Circular reasoning (tautology): This fallacy assumes as one of its premises the very conclusion it sets out to establish. At the lowest level of tautologies, it is silly (but much practiced) to say,

“It is so because it is so”; “Boys will be boys,” “A rose is a rose is a rose.”

“When people are out of work, unemployment results,” “Where you are is where the world is today.”

“You can observe a lot just by watching” “It ain’t over till it’s over.”

“…all we need is to define disorder as a certain kind of differentiation and to define order as the absence of disorder.”

“Can’t get a job until you have experience; can’t get experience until you get a job.”

Hasty Generalization: This fallacy is committed whenever anyone generalizes an entire class on the basis of examples that are either not representative of the class, or are too few in number to support the conclusion.

It has rained for the last three weekends, so it will probably rain this weekend.
The savings and loan scandal proves every politician can be bought.

Ad Ignorantiam:  This fallacy is an appeal to ignorance. An argument is true because it has not been proven false, or an argument is false because it has not been proven to be true.

The planet was colonized by visitors from space. There’s a lot of evidence that has never been contradicted.

False dichotomy:   This fallacy is committed when reasoning is based on an either/or statement when the two alternatives are not really mutually exclusive, or when other alternatives exist.

Would you rather go out to dinner or see a movie?
Would you rather have a football program or a band and orchestra at our school?

Slippery SlopeThis assumes that once something happens, it will establish an irreversible trend leading to disaster.  It assumes that a relatively small first step inevitably leads to a chain of related events culminating in some significant impact, much like an object given a small push over the edge of a slope sliding all the way to the bottom.

“You can never give anyone a break.  If you do, they’ll walk all over you.”
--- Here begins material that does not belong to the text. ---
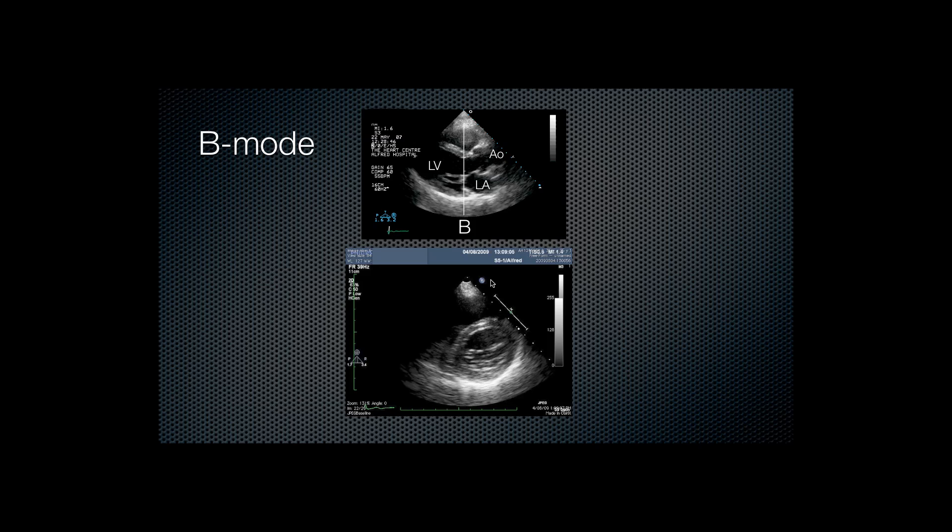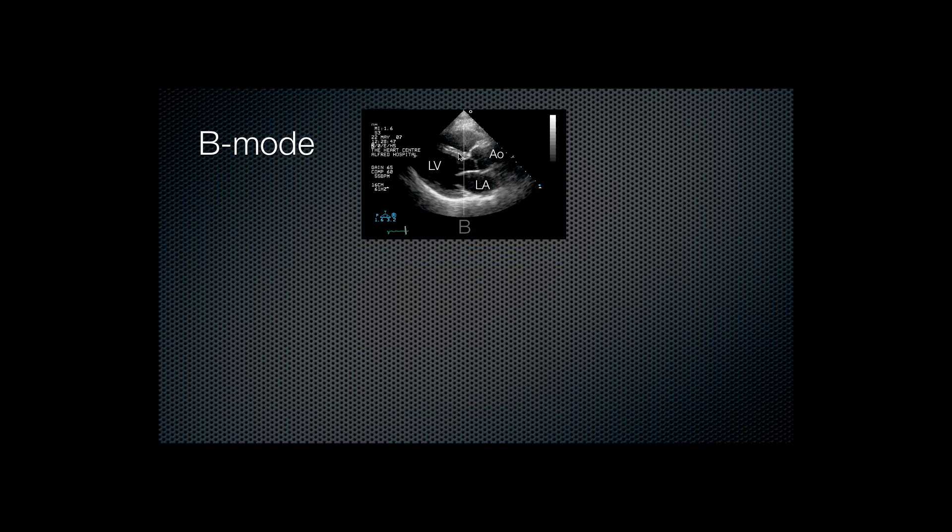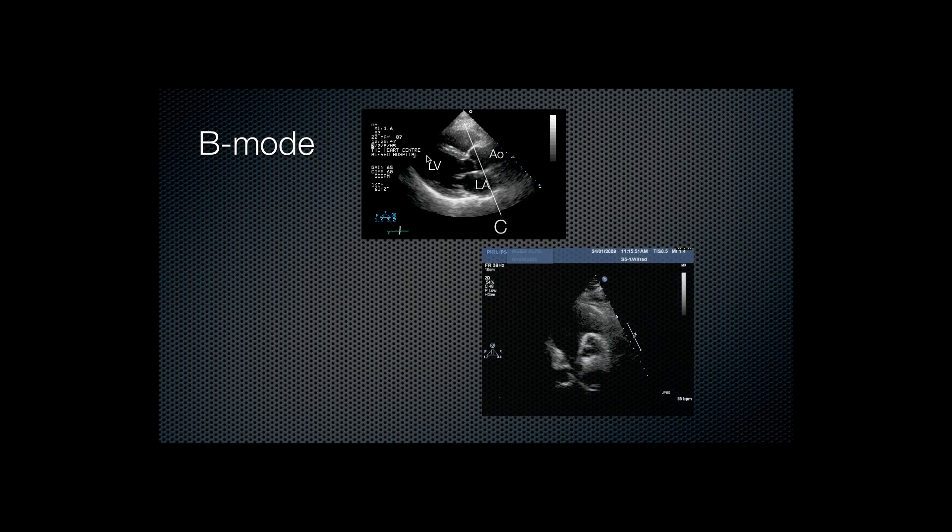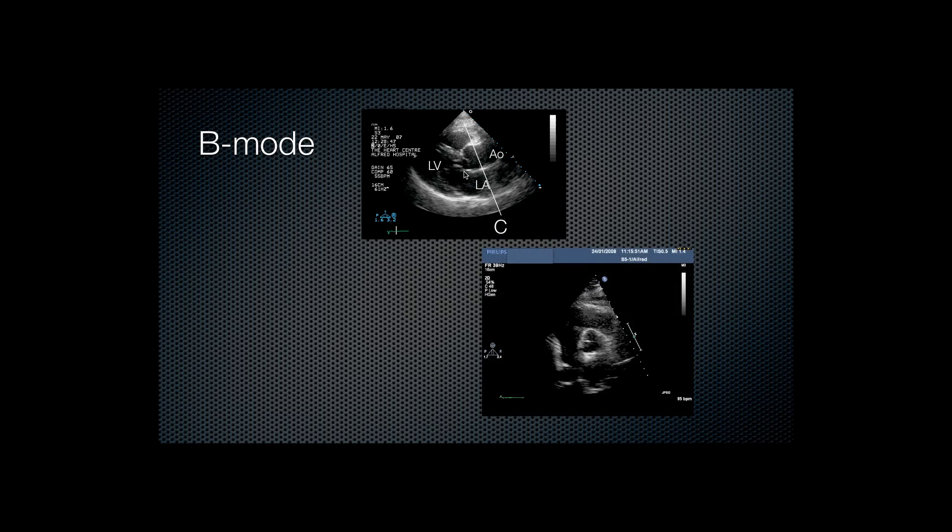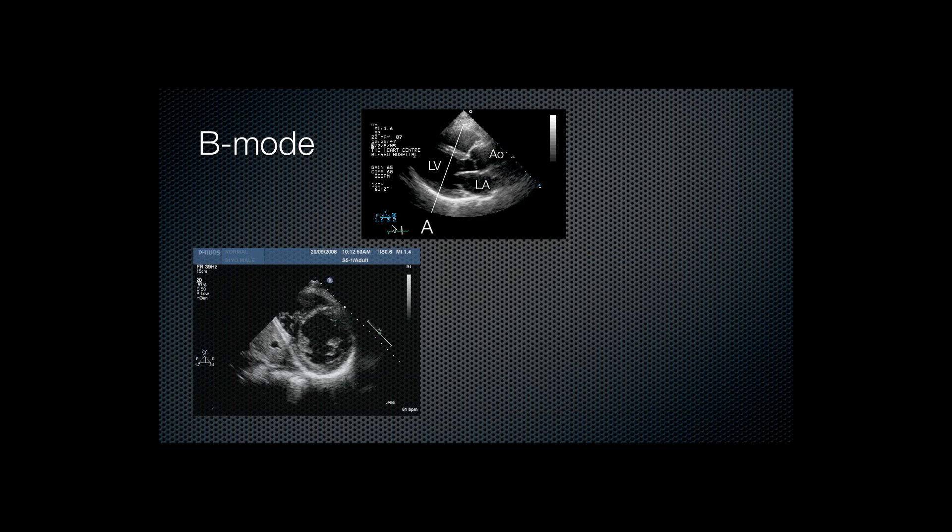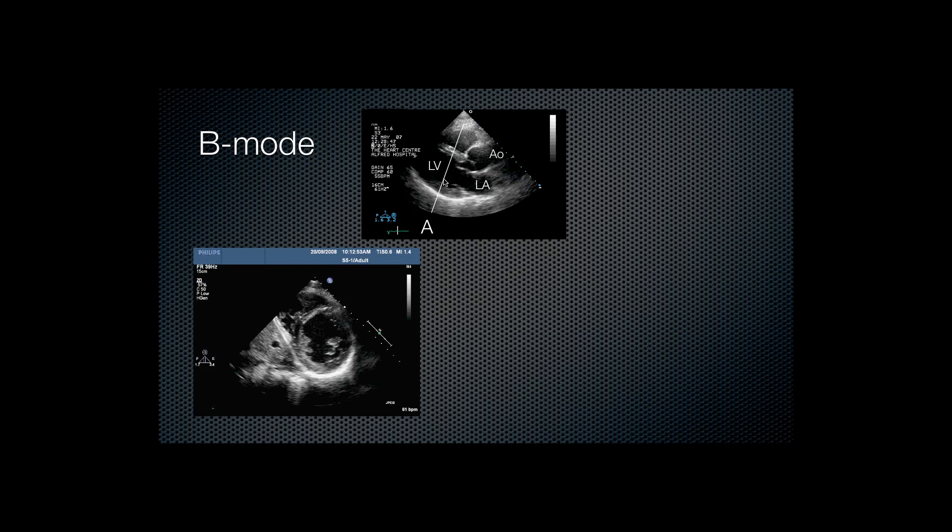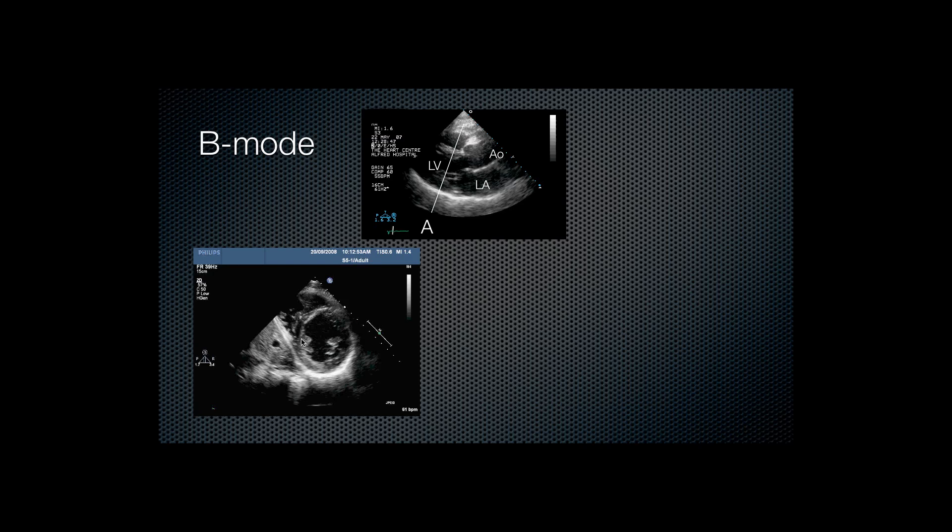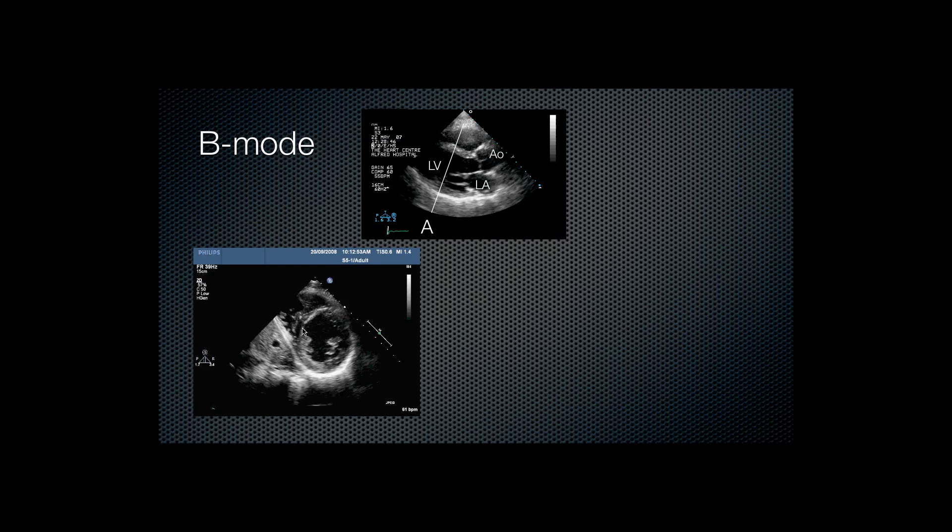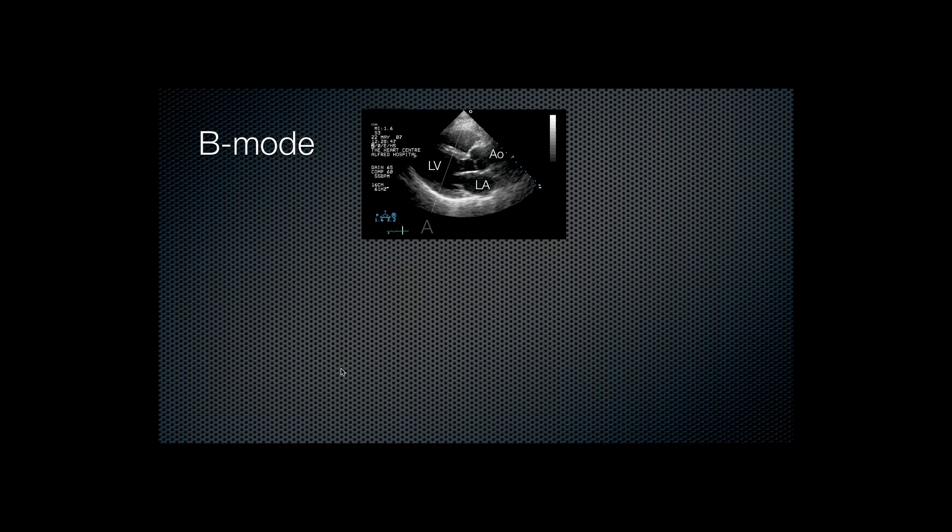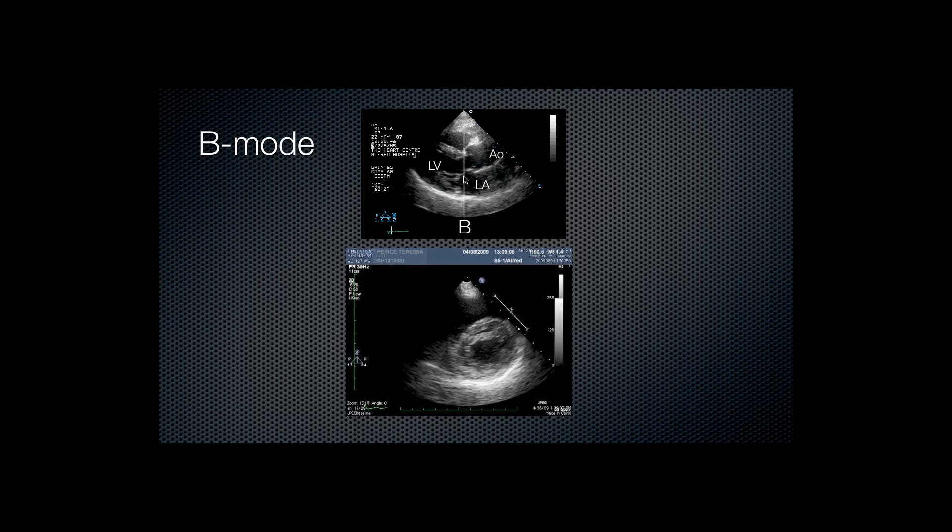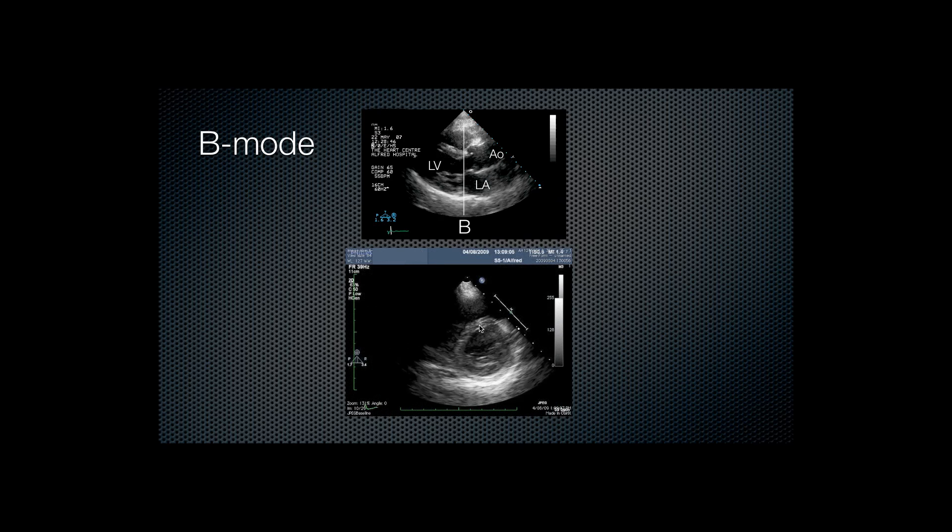And I'll explain in reference to the top image again, the parasternal long axis. Going back to the first one, there's a cut line going through the left ventricle. So we see the left ventricle in cross section.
Red Herring: This occurs when persuaders try to draw attention away from the real issues, usually with sensational claims about the other side.

Myth of the Mean:  Misuse of statistics.

Straw Figure: This is based on misrepresentation of an opponent’s position, when you set up a weak argument, attribute it to the opposing side, then proceed to discredit it.  To “attack a straw figure” is to create the illusion of having refuted a proposition by substituting a superficially similar proposition (the “straw figure”), and refuting it, without ever having actually refuted the original position.